Amorak Huey is a longtime newspaper editor and reporter who now teaches writing at Grand Valley State University in Michigan. His poems can be found in The Best American Poetry 2012, The Cincinnati Review, Linebreak, PANK, Subtropics, and other print and online journals. Follow him on Twitter: @amorak
His poem "Dungeon Master's Guide to Eighth Grade" appears in Issue Forty-Three of The Collagist.
Here, Amorak Huey talks to interviewer Elizabeth Deanna Morris about panama jack shirts, games, and the shark tank of middle school.
1. Could you please discuss how you ended up writing “Dungeon Master's Guide to Eighth Grade”?
I wrote the first draft of this poem while completing the April poem-a-day challenge in 2012. For me, part of the appeal of that challenge is how it pushes me on subject matter. This poem appeared on April 13, when I’d pretty much run out of things in my immediate vicinity to write about (my annoyance with lingering wintry weather in Michigan, whatever I’d just seen on Facebook, what a pain it is to try to write a poem every day).
I don’t remember what brought Dungeons & Dragons to mind, but thinking about the game led to a string of memories and associations, so I retrieved my old Dungeon Master’s Guide from a mildewed box in the basement and found the epigraph.
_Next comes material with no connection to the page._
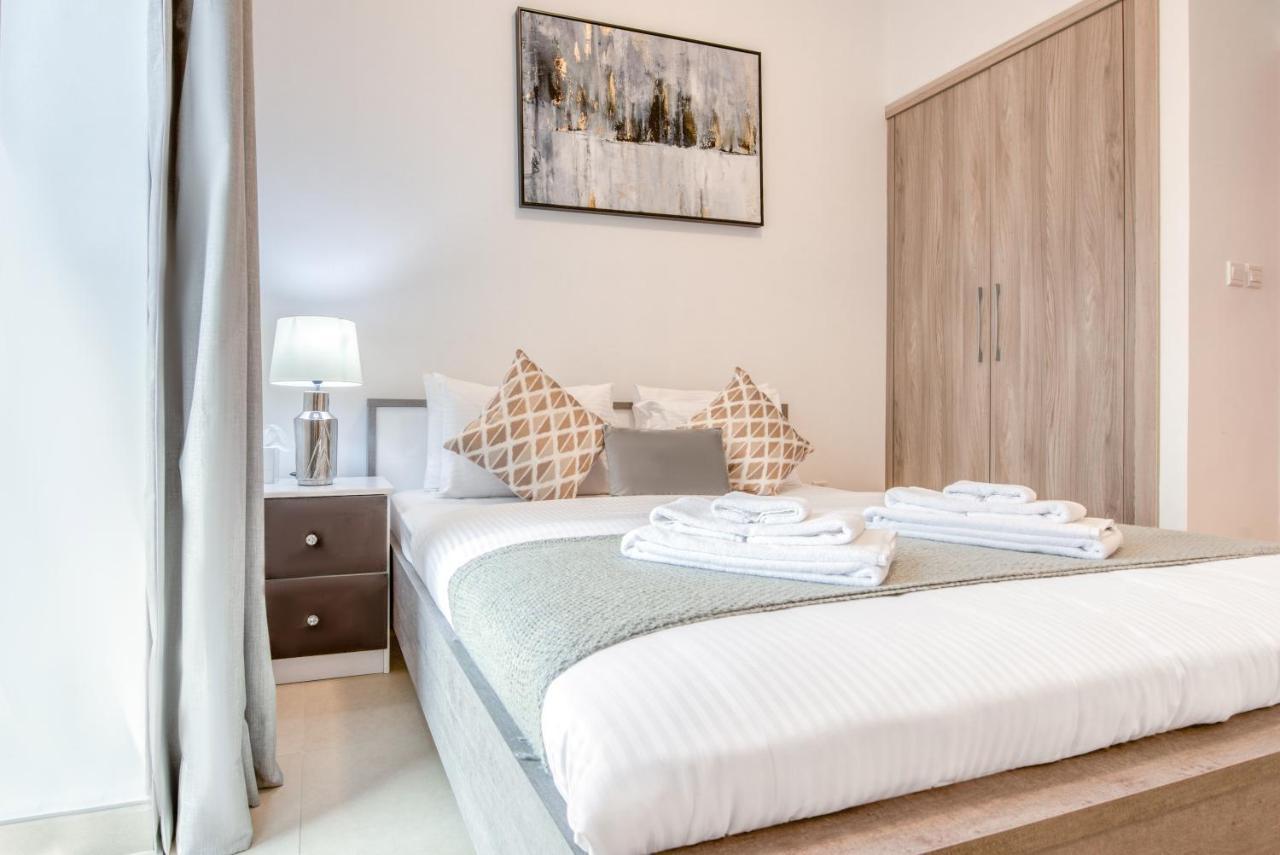Sol Living - Iris Amber Apartment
The poem developed from there.
It had been quite a while since I’d thought about Panama Jack shirts; it’s hard to overstate just how stupidly popular those were in my junior high, how must-have a part of everyone’s wardrobe. And parachute pants, good grief.
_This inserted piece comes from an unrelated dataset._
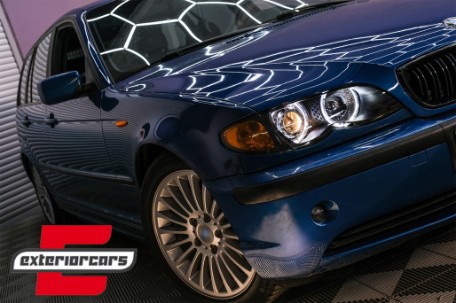 Prednja svjetla CCFL Angel Eyes (crna) / BMW serije 3 E46 Facelift limuzina karavan (2001-2005), LPBM32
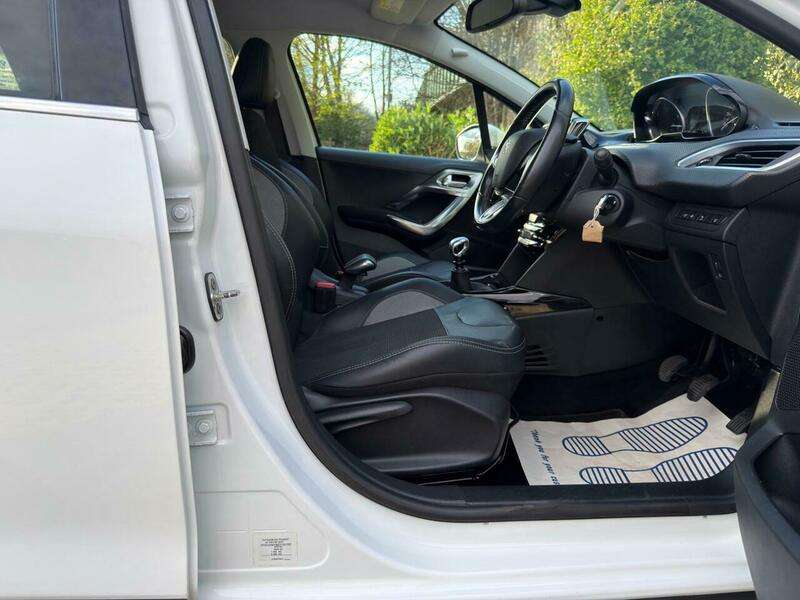 A 2016 PEUGEOT 2008 1.2 PureTech Allure Euro 6 (s/s) 5dr A 2016 PEUGEOT 2008 1.2 PureTech Allure Euro 6 (s/s) 5dr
2. This poem does a really fantastic job of showing the lines drawn around a young person as the kids around them start to decide what is and is not cool. I wonder, though, why did you write this as a poem? How do you think this form fits the material?
One answer is that it’s a poem because poems are what I write. Poetry is how I interact with language and the world.
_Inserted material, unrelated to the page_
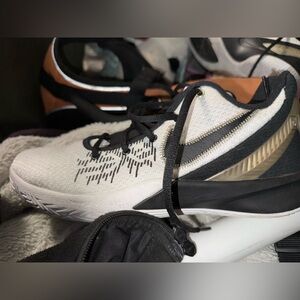 Kyrie Flytrap 2 'White Gold Black'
Another answer is that maybe that games and poems seek to order the world in similar ways, offering structure to make sense of the chaos.
3. Could you talk about the logic of using a game to understand the world? The speaker in this poems seems unable to decipher the world in another way. Or, perhaps, this way is just the most manageable.
Here’s how isolated I was in eighth grade: I never did find a peer group to regularly play D&D with; I had friends who played, but I wasn’t part of their game.
For a long time, I thought my eighth-grade experience was atypical, because I had been homeschooled and didn’t attend public school until that year. Talk about jumping into a shark tank: all those junior high hormones and hierarchies; I thought I was the loneliest person in the world. I found out much later that lots of people feel that way, that my precise experience might have been unusual but my emotions were far from it. The reaction I’ve gotten to my poem after it appeared in The Collagist has confirmed again that I am not alone, people telling me I had captured eighth grade as they remembered it, too.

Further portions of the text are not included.